-- Instructions to follow --
When the line with "Fast Orbit Feedback (FOFB) at Diamond" comes up, set it down and every later line to the end of the data, exactly and without pictures.

*** Data block Section Begins ***

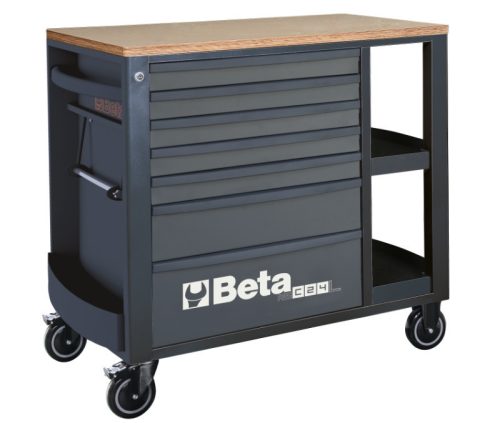 Beta RSC24L/7-A 7 fiókos szerszámkocsi oldalpolccal ÜRES antracit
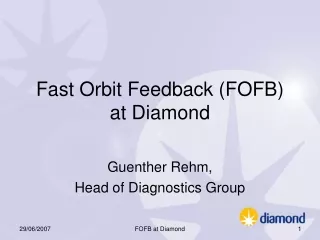 Fast Orbit Feedback (FOFB) at Diamond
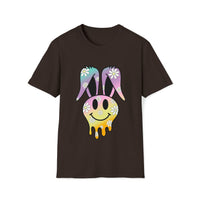 Retro Bunny - Softstyle T Shirt - Gift for Her Birthday Mom Mother Grandmother Nana Sister Aunt T Shirt - Unisex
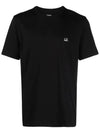 30/1 Jersey Goggle Short Sleeve T-Shirt Black - CP COMPANY - BALAAN 3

*** Data block Section Ends ***

-- Your response --
 Fast Orbit Feedback (FOFB) at Diamond
 Retro Bunny - Softstyle T Shirt - Gift for Her Birthday Mom Mother Grandmother Nana Sister Aunt T Shirt - Unisex
 30/1 Jersey Goggle Short Sleeve T-Shirt Black - CP COMPANY - BALAAN 3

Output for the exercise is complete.